1. Putting sustainability at the heart of the business. This is now much more than just an attractive concept. The need to tackle global warming, meet net-zero targets, appeal to environmentally aware customers, and compete successfully means that sustainability is now a highly valued feature of products and services has made sustainability an important trend. Businesses and organisations that can be proactive and successfully manage sustainability transformation have a brighter future. As part of a company’s broader ESG efforts, measuring, assessing, and monitoring a company’s sustainability impacts can help it to pinpoint priority areas to change to improve sustainability.
2. Greenhouse Gas Protocol (GHG) frameworks. These are the global standardised frameworks for measuring and managing greenhouse gas (GHG) emissions from both private and public sector companies, organistions, operations and value chains. By understanding what Scope 1, 2, and 3 emissions are, companies are finding that they are better able to make the realistic goals and targets required to address them. For example, Scope 1 emissions are direct emissions e.g., from the factory or vehicles, and Scope 2 emissions are indirect greenhouse gas emissions into the atmosphere e.g., from HVAC systems. Scope 3 emissions make up the majority and include those generated from upstream sources (raw materials production) and downstream sources (distribution and recycling).
3. Extending product life cycles through the circular economy. In technology, for example, this could include the recycling of precious metals in phone handsets and other e-waste and increasing ‘fix your own device\’ possibilities, information, and help.
4. Addressing climate adaptation as part of a risk mitigation strategy. Climate change adaption refers to making alterations that can accommodate the current and future effects of climate change, thereby attempting to avoid disruption to operations, supply chains, and customers.
5. Creating a more sustainable supply chain by making greater efforts to connect data gaps and help achieve sustainability goals across the whole supply chain.
6. Being more honest in disclosing carbon footprint information. For example, because of this need, some large banks are now exploring ways to move investment from more carbon-intensive industries to industries that are actively reducing emissions.
7. Creating ‘Green IT’ services and structures. Tech heavy industries are now looking at ways to reduce carbon emissions across their IT functions and supply chains. Also, big technology companies e.g., Microsoft and Google are currently working on minimising the carbon footprint of their data centres.

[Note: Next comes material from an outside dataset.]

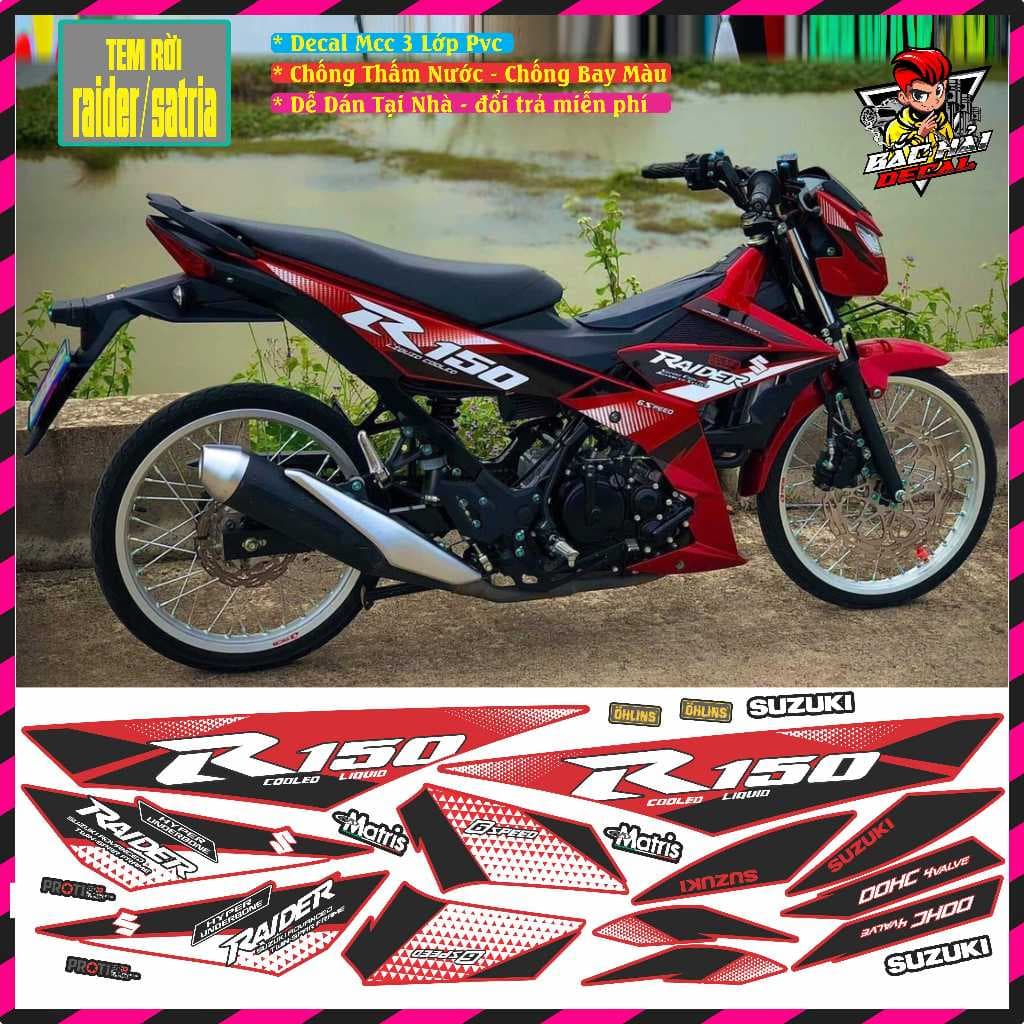 Tem Xe raider satria FI Tem Chế Satria Raider Phối Nhiều Màu Mới Decal 5Lớp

8. Impact sourcing. Many companies and organisations are trying to prioritise a focus on employing marginalised and disadvantaged populations, reducing workplace bias, and increasing diversity.

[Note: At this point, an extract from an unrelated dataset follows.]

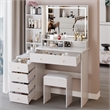 White MDF 41  Vanity Table Set with LED Mirror  Cushioned Stool   Storage Case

9. Turning to more responsible and transparent AI and using a more holistic approach to minimise the chance for algorithms (which are now widely used) to cause harm.
10. Improving ESG analytics and reporting to help stay ahead of developments and keep stakeholders informed.
What Does This Mean For Your Organisation?
These trends indicate the value that is now placed upon sustainability and the investment and efforts that businesses and organisations are putting into the many strands needed to achieve goals and hit targets. Businesses and organisations are now not just focused on their own operations, but on the genuine sustainability credentials of all those along the supply chain and across their value chains.